CCAs are considered an effective way to reach state-mandated greenhouse gas emission reductions.
There are currently nine programs operating in the state. Two people involved in their creation have been advising Solana Beach during the consulting team selection process.
The city contracted with The Energy Authority for design and operation, and Calpine, which generates electricity from natural gas and geothermal resources.
The program will be implemented in three phases. Program development, which is estimated to take six months, includes completing a technical study, drafting an implementation plan and creating operations, budget and staffing plans.
There will also be “extensive and robust” community outreach that includes a presence at events such as the farmers market and meeting with residents, community groups, homeowner associations, large energy users and businesses.
Once that is completed, the city will decide whether to continue moving forward or opt out, Should it choose the latter, the consults will absorb all costs to that point.
Phase two is the program launch, which is expected to last from six months to a year and includes certifying the implementation plan, establishing data management, accounting and utility services agreements, regulatory registrations, bond posting, power procurement, continued public outreach and rate setting.
Should the city decided to end the process during this phase it will be required to pay the consultants the total amount of costs they have incurred, up to a maximum of $156,000.
In the final phase, which will take about two to five years, services are provided, customer accounts are managed and other jurisdictions can enroll, a move one of the city’s neighbors may consider.
“Del Mar would like to join you if you’re successful,” Mosier said.
Under the contract, a “lockbox” account will be established and held at a commercial bank for customer payments.

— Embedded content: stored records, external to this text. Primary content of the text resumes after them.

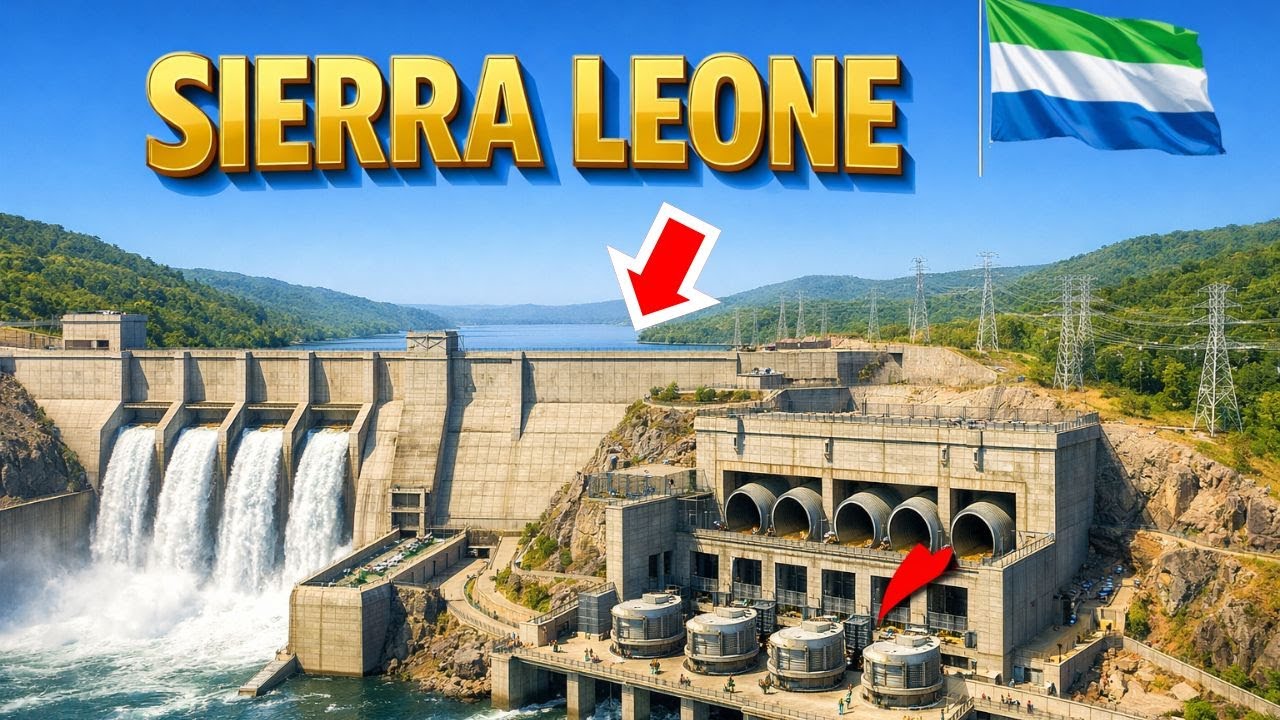 Sierra Leone Is Overtaking Ghana With Megaprojects Completing in 2026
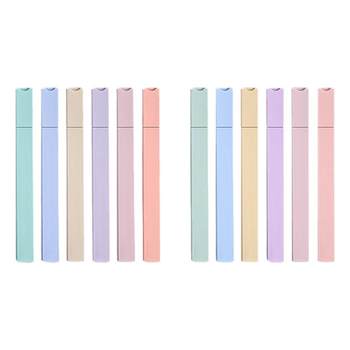 Fluorescent marker pen student marker pen color highlight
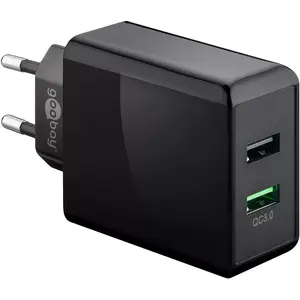 Зарядное устройство Goobay 44956 Внутреннее AC Быстрая зарядка для мобильных устройств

The funds will be used for operations, energy purchases and to create a reserve.
TEA will be paid up to $1 per megawatt hour, or about $80,350 annually.
Calpine will be compensated based on the number of customers in the CCA. If all of Solana Beach’s 7,800 utility users do not opt out, that comes to a little more than $126,000 per year.
The consultants said fewer people than expected have opted out of the existing CCA programs. They also are confident a CCA program can provide energy at a lower cost than what SDG&E customers currently pay.
The contracts with both companies are for five years, with automatic one-year extensions with TEA and two years with Calpine.
According to state law, once a CCA program is formed, all utility customers in the jurisdiction are automatically enrolled. However, they have four opportunities to opt out, beginning about two months before the program is launched.
The city received seven emails supporting the program and all 16 people who spoke at the meeting urged council members to move forward.
In an email from SDG&E’s parent company, Francisco Urtasun stated that Sempra Energy applauds the city for seeking ways to reduce greenhouse gas emissions but recommended engaging in a “robust and transparent dialogue to review all potential” measures to do so.
Council members said the first phase is designed to do just that.
“I think this is a really great thing for us to get more information on,” Mayor Mike Nichols said. “Enter into this phase one, hopefully move onto phase two and three. But time will tell. The only way to do that in a smart and thorough manner is to enter into phase one.”
“I do think it’s important that we move onto the community outreach part of this,” Councilman Dave Zito said. “One of the stifling problems of a council meeting is that we do have limited back and forth. … We are going to have community meetings where that back and forth can be had and people can get their questions answered in a more direct way.”
Resident Bill Stoops sent an email opposing the plan.
“Fundamentally a CCA is government interference in markets, and government fails to produce anything better than a free market process,” he wrote. “And since the CCA cannot exist without SDG&E’s infrastructure, instead of having one monopoly we will have two.
“I don’t see the logic in complaining about Sempra, and then creating another government construct and somehow expect a better outcome,” he added. “Whether you buy from Sempra or the CCA, you won’t know the generation source of the electricity you use, and nor will your appliances care.”
Also opposed is Councilwoman Ginger Marshall, who voted against awarding the contracts.
Although she said she supports renewable energy and has solar panels on her home, she has concerns about the cost to ratepayers and how much a CCA will actually reduce the city’s carbon footprint, among other things.